Only one stretch of the listing below is wanted. Give it again exactly, from the line with "Historienspiel mit vielen" through the line with "Установка межкомнатных дверей".

- _Excerpted data_
*** Block opens ***
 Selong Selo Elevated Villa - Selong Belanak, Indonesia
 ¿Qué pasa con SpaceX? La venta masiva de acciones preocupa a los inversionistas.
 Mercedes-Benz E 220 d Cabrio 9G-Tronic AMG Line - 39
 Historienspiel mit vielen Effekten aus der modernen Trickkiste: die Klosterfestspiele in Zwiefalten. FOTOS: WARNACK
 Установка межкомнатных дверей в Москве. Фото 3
*** Block closes ***
*** Block opens ***
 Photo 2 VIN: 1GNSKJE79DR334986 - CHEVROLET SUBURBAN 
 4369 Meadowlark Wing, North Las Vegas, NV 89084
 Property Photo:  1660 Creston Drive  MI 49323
*** Block closes ***
- _Solution to the problem_
 Historienspiel mit vielen Effekten aus der modernen Trickkiste: die Klosterfestspiele in Zwiefalten. FOTOS: WARNACK
 Установка межкомнатных дверей в Москве. Фото 3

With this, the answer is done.